I did it again this weekend. I went backpacking. I could not help myself.

I love the great outdoors and getting away from the claustrophobic “nature” of Northern Virginia where everyone is rubbing elbows and traffic presses into every crevice of space that you wish you could occupy and run free in, or at least drive in during afternoon and morning rush hours.

I visited New York one time and it was even worse. It seemed as if the buildings and the people were being poured out on top of you and you were being swallowed up into obscurity and chaos.
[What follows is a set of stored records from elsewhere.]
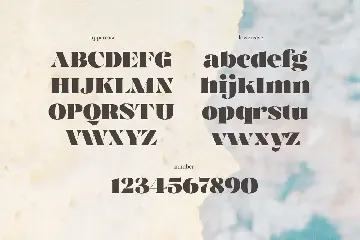 Magrit - Pretty bold display serif font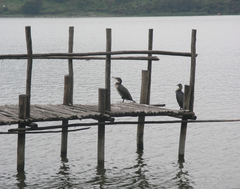 Phalacrocorax carbo lucidus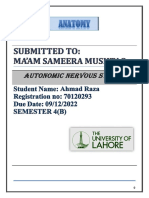 Assignment Autonomic Nervous System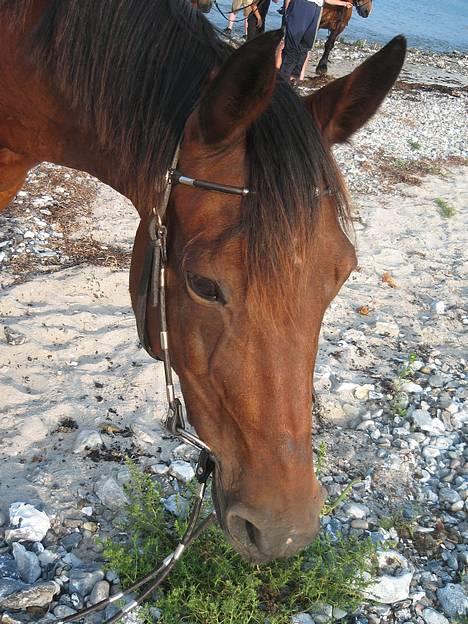 Anden særlig race Dipsy - Se lige det hoved! billede 6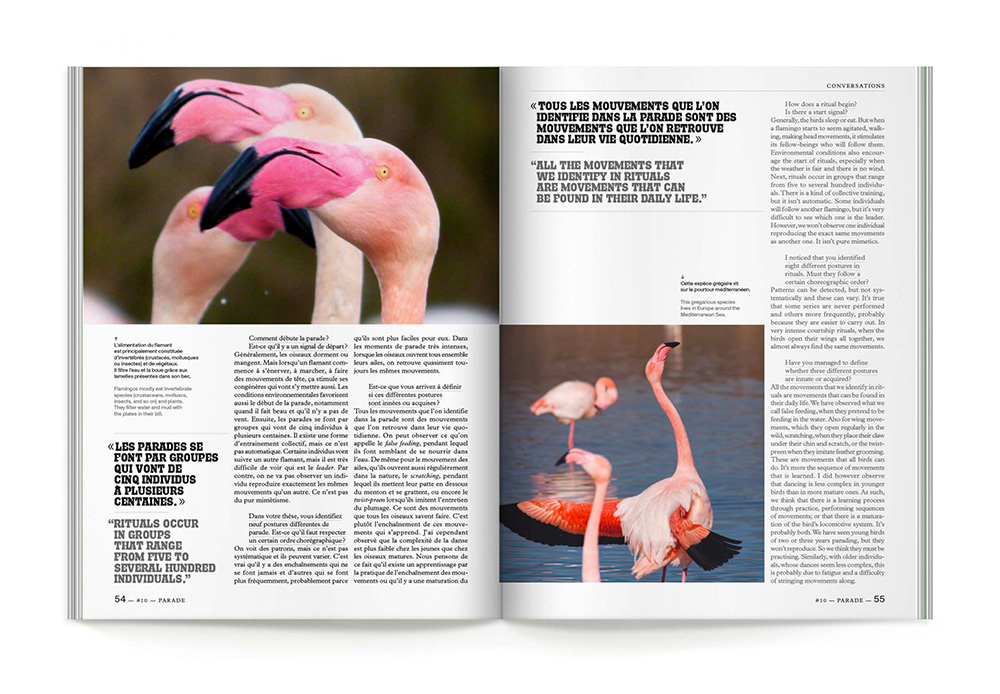 double page de cercle magazine avec des flaments roses présetant la typo créée sur mesure en anglais et en français dans la mise en pages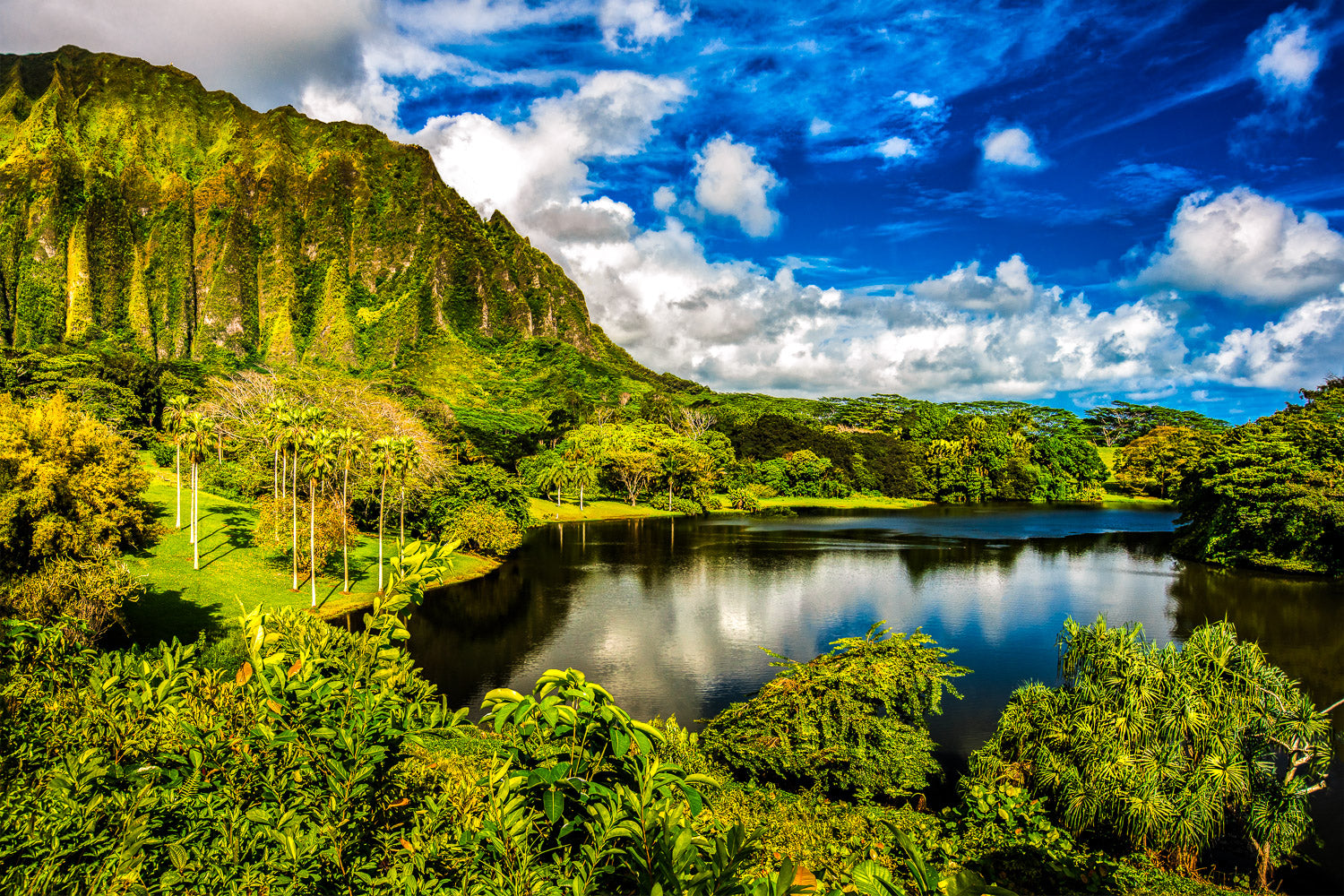 "Nature More" - Kaneohe, Oahu
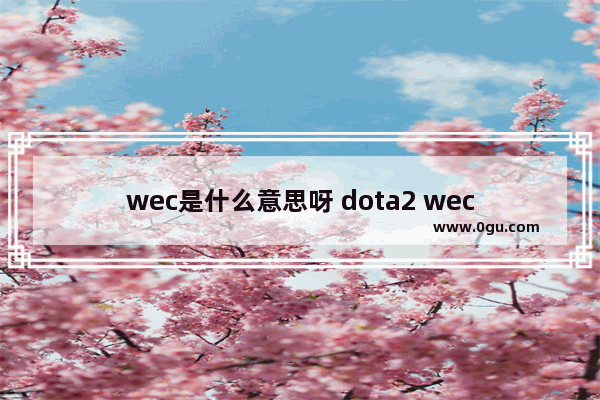 wec是什么意思呀 dota2 wec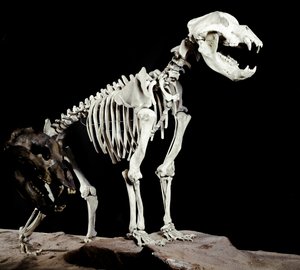 Esihistoria: Luolakarhun (Ursus spelaeus) luuranko Caves del Bandito a Roaschiasta Italiasta. Pleistoseenin aika. Museo Civico di Storia Naturale, Milano tekijältä Prehistoric Prehistoric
Backpacking in Dolly Sods this weekend was like the antithesis of this experience. The sods are an open grassy plateau where the sky lights up like Christmas because of the lack of light pollution and the silence makes your ears feel numb because there is no white noise of traffic, people and planes. You feel God’s presence. There is plenty of room for Him there. It is open and wild, wild in the way that life should be wild. It is free. It’s like . . . well; it is like a picture of Jesus from Colossians 1: 18-20:

“He was supreme in the beginning and—leading the resurrection parade—he is supreme in the end. From beginning to end he’s there, towering far above everything, everyone. So spacious is he, so roomy, that everything of God finds its proper place in him without crowding. Not only that, but all the broken and dislocated pieces of the universe—people and things, animals and atoms—get properly fixed and fit together in vibrant harmonies, all because of his death, his blood that poured down from the cross. ”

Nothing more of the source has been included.